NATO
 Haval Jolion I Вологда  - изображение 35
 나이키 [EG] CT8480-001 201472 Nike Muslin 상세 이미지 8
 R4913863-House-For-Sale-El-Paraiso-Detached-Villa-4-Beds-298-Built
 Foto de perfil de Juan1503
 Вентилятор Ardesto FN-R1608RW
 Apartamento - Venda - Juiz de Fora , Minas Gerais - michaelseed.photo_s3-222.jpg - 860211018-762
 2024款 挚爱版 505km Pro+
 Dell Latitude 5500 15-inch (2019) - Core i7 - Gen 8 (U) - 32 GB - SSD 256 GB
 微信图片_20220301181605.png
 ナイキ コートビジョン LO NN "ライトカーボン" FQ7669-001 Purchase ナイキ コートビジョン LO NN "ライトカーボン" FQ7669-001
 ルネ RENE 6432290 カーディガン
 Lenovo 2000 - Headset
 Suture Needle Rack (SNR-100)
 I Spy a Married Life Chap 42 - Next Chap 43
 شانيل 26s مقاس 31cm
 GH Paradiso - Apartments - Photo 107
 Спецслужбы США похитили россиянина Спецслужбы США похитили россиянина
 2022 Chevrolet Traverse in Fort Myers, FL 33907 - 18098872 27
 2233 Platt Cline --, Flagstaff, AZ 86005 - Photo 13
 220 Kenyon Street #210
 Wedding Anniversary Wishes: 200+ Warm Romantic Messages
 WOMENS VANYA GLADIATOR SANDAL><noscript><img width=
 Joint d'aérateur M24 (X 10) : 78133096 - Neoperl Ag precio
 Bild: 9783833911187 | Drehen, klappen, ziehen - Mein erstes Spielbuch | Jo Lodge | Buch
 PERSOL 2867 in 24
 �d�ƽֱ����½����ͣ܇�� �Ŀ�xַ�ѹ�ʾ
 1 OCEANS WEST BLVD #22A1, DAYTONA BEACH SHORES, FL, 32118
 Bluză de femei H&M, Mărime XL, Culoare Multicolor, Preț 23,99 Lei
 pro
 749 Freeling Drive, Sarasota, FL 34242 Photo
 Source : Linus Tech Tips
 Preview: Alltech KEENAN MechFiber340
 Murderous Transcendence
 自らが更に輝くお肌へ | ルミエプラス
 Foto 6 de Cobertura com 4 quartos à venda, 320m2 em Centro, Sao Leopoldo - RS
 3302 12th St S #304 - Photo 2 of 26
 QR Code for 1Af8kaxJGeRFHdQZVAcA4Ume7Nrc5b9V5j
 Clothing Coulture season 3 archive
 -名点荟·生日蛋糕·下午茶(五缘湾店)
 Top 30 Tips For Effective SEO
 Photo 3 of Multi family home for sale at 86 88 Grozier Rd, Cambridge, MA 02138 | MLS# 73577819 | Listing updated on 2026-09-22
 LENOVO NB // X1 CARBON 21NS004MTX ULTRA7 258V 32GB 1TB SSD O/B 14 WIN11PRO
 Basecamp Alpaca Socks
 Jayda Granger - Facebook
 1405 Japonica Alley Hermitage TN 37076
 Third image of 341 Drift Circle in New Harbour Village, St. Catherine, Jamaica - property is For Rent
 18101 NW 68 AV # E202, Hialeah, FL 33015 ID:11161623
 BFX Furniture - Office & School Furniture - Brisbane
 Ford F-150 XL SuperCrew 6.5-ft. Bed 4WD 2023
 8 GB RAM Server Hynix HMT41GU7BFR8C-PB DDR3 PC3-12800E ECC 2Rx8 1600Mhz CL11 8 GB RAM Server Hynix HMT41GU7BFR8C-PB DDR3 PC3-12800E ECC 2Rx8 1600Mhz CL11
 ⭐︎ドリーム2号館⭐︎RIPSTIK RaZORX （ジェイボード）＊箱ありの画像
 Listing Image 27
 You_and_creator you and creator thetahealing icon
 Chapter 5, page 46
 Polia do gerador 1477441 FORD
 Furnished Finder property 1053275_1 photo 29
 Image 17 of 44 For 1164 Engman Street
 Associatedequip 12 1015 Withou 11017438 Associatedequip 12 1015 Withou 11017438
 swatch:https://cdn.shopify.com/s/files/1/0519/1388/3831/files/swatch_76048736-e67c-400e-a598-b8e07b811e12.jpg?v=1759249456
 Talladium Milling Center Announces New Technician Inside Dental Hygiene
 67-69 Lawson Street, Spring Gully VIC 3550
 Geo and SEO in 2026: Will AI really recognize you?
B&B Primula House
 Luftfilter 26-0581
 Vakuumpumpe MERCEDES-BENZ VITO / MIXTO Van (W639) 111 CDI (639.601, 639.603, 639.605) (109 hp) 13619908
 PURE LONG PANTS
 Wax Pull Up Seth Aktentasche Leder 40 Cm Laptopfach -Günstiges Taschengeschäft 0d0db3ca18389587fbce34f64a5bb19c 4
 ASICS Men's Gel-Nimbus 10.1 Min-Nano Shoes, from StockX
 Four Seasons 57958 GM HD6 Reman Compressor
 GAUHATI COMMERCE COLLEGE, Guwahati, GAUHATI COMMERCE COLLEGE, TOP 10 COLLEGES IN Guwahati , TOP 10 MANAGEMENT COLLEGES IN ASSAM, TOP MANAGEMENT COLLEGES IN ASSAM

★ ★ ★ ★

WHAT YOU HAVE TO DO: Word for word, write out all of the entries again.

TASK RESPONSE:
NATO
 Haval Jolion I Вологда  - изображение 35
 나이키 [EG] CT8480-001 201472 Nike Muslin 상세 이미지 8
 R4913863-House-For-Sale-El-Paraiso-Detached-Villa-4-Beds-298-Built
 Foto de perfil de Juan1503
 Вентилятор Ardesto FN-R1608RW
 Apartamento - Venda - Juiz de Fora , Minas Gerais - michaelseed.photo_s3-222.jpg - 860211018-762
 2024款 挚爱版 505km Pro+
 Dell Latitude 5500 15-inch (2019) - Core i7 - Gen 8 (U) - 32 GB - SSD 256 GB
 微信图片_20220301181605.png
 ナイキ コートビジョン LO NN "ライトカーボン" FQ7669-001 Purchase ナイキ コートビジョン LO NN "ライトカーボン" FQ7669-001
 ルネ RENE 6432290 カーディガン
 Lenovo 2000 - Headset
 Suture Needle Rack (SNR-100)
 I Spy a Married Life Chap 42 - Next Chap 43
 شانيل 26s مقاس 31cm
 GH Paradiso - Apartments - Photo 107
 Спецслужбы США похитили россиянина Спецслужбы США похитили россиянина
 2022 Chevrolet Traverse in Fort Myers, FL 33907 - 18098872 27
 2233 Platt Cline --, Flagstaff, AZ 86005 - Photo 13
 220 Kenyon Street #210
 Wedding Anniversary Wishes: 200+ Warm Romantic Messages
 WOMENS VANYA GLADIATOR SANDAL><noscript><img width=
 Joint d'aérateur M24 (X 10) : 78133096 - Neoperl Ag precio
 Bild: 9783833911187 | Drehen, klappen, ziehen - Mein erstes Spielbuch | Jo Lodge | Buch
 PERSOL 2867 in 24
 �d�ƽֱ����½����ͣ܇�� �Ŀ�xַ�ѹ�ʾ
 1 OCEANS WEST BLVD #22A1, DAYTONA BEACH SHORES, FL, 32118
 Bluză de femei H&M, Mărime XL, Culoare Multicolor, Preț 23,99 Lei
 pro
 749 Freeling Drive, Sarasota, FL 34242 Photo
 Source : Linus Tech Tips
 Preview: Alltech KEENAN MechFiber340
 Murderous Transcendence
 自らが更に輝くお肌へ | ルミエプラス
 Foto 6 de Cobertura com 4 quartos à venda, 320m2 em Centro, Sao Leopoldo - RS
 3302 12th St S #304 - Photo 2 of 26
 QR Code for 1Af8kaxJGeRFHdQZVAcA4Ume7Nrc5b9V5j
 Clothing Coulture season 3 archive
 -名点荟·生日蛋糕·下午茶(五缘湾店)
 Top 30 Tips For Effective SEO
 Photo 3 of Multi family home for sale at 86 88 Grozier Rd, Cambridge, MA 02138 | MLS# 73577819 | Listing updated on 2026-09-22
 LENOVO NB // X1 CARBON 21NS004MTX ULTRA7 258V 32GB 1TB SSD O/B 14 WIN11PRO
 Basecamp Alpaca Socks
 Jayda Granger - Facebook
 1405 Japonica Alley Hermitage TN 37076
 Third image of 341 Drift Circle in New Harbour Village, St. Catherine, Jamaica - property is For Rent
 18101 NW 68 AV # E202, Hialeah, FL 33015 ID:11161623
 BFX Furniture - Office & School Furniture - Brisbane
 Ford F-150 XL SuperCrew 6.5-ft. Bed 4WD 2023
 8 GB RAM Server Hynix HMT41GU7BFR8C-PB DDR3 PC3-12800E ECC 2Rx8 1600Mhz CL11 8 GB RAM Server Hynix HMT41GU7BFR8C-PB DDR3 PC3-12800E ECC 2Rx8 1600Mhz CL11
 ⭐︎ドリーム2号館⭐︎RIPSTIK RaZORX （ジェイボード）＊箱ありの画像
 Listing Image 27
 You_and_creator you and creator thetahealing icon
 Chapter 5, page 46
 Polia do gerador 1477441 FORD
 Furnished Finder property 1053275_1 photo 29
 Image 17 of 44 For 1164 Engman Street
 Associatedequip 12 1015 Withou 11017438 Associatedequip 12 1015 Withou 11017438
 swatch:https://cdn.shopify.com/s/files/1/0519/1388/3831/files/swatch_76048736-e67c-400e-a598-b8e07b811e12.jpg?v=1759249456
 Talladium Milling Center Announces New Technician Inside Dental Hygiene
 67-69 Lawson Street, Spring Gully VIC 3550
 Geo and SEO in 2026: Will AI really recognize you?
B&B Primula House
 Luftfilter 26-0581
 Vakuumpumpe MERCEDES-BENZ VITO / MIXTO Van (W639) 111 CDI (639.601, 639.603, 639.605) (109 hp) 13619908
 PURE LONG PANTS
 Wax Pull Up Seth Aktentasche Leder 40 Cm Laptopfach -Günstiges Taschengeschäft 0d0db3ca18389587fbce34f64a5bb19c 4
 ASICS Men's Gel-Nimbus 10.1 Min-Nano Shoes, from StockX
 Four Seasons 57958 GM HD6 Reman Compressor
 GAUHATI COMMERCE COLLEGE, Guwahati, GAUHATI COMMERCE COLLEGE, TOP 10 COLLEGES IN Guwahati , TOP 10 MANAGEMENT COLLEGES IN ASSAM, TOP MANAGEMENT COLLEGES IN ASSAM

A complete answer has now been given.